KC n/A (Krupp cementite, new type). Face-hardened armour steel. I marked it as type 1 since it was used 1920-1930. Used to build the Bismarck
KC n/A (Krupp cementite, new type). Face-hardened armour steel. I marked it as type 2. Used to build the Bismarck.
- Have a look at the table and tell me who had more not needed impurities like Phosphorus Sulfur. In reality Soviets allowed Phosphorus content up to 0,045% and could not cope even with that level.
- Speaking about lack of Molybdenum and replacing it with Vanadium. Vanadium and Molybdenum are adding absolutely opposite armour properties. German armour was well known to be hard alloy. By taking off Molybdenum and adding Vanadium will improve ductility while taking off over strength. All I can say it was a right move, because it makes no sense adding even more strength to the German armour of that time.
- Krupp armor was well known for high carbon content even before WW2, giving more than enough strength. Another reason to withdraw Molybdenum.

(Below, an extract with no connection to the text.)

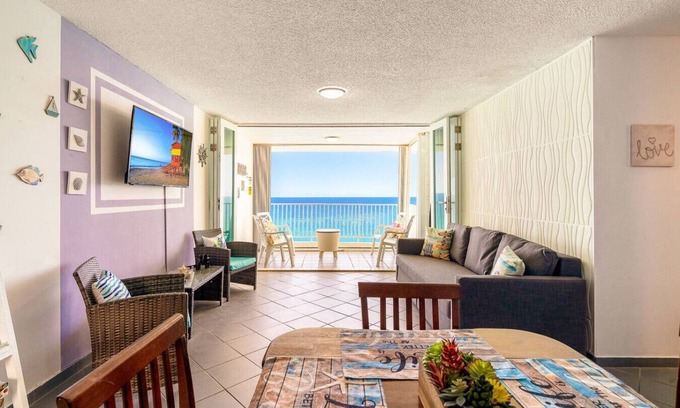 La Pared Apartamento | Captain’s Beachfront Pool and Parking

- From chemical point of view the only thing went wrong with Germans (PzKpfw V) was increased Sulfur content. It could be caused by increase of production or new technological process and they had no time to make it perfect. Frankly speaking even increased Sulfur content in German armor was still times less than in Soviet armor. Besides you can see increased Sulfur content even in British armour. Again it could be caused with increase of production numbers.
- For now let’s move to the most interesting and most expensive component. Nil of Nickel. Yes it could be prime example of starving Germany, but it could be something else too. So here is surprise). In 1940 – 1941 Amrecan tanks had the same Nickel content as British tanks. Depending on model anywhere between 3-5%. From 1942 M4A2 and M4A3 had reduced Nickel content. Matilda II had steady 3% while M4A2 and M4A3 Nickel content was reduced up to 1,05-1,10%. Isn’t it insane to imagine to imagine that Americans were more short of Nickel than British? But this is what soviet engineers though, while themselves due to price and shortages used even less Nickel. But for me it looks American armour went close to PzKpfw IV armour composition. During Korean war Soviets managed to capture M26 and to their surprise Nickel simply disappeared, but content of Manganese and Molybdenum increased. Manganese content on M3 was 0,3%, on M4A3 it went up to 0,89-0,97%. Molybdenum from 0.11% on M3, 0,21-0,60% on M4A3, 0,60% – 0,80% on M26. Soviet engineers called it identical to German armour in 1944:). So “starving” Germany did they same thing as non starving post WW2 America by replacing Nickel with less costly Vanadium and Manganese. No Soviets or British had idea about Vanadium use. ) Also it was quite surprise to Americans when they seen it firs time. But from now it is obvious both Germans and Americans were going into the same direction even from very different start positions.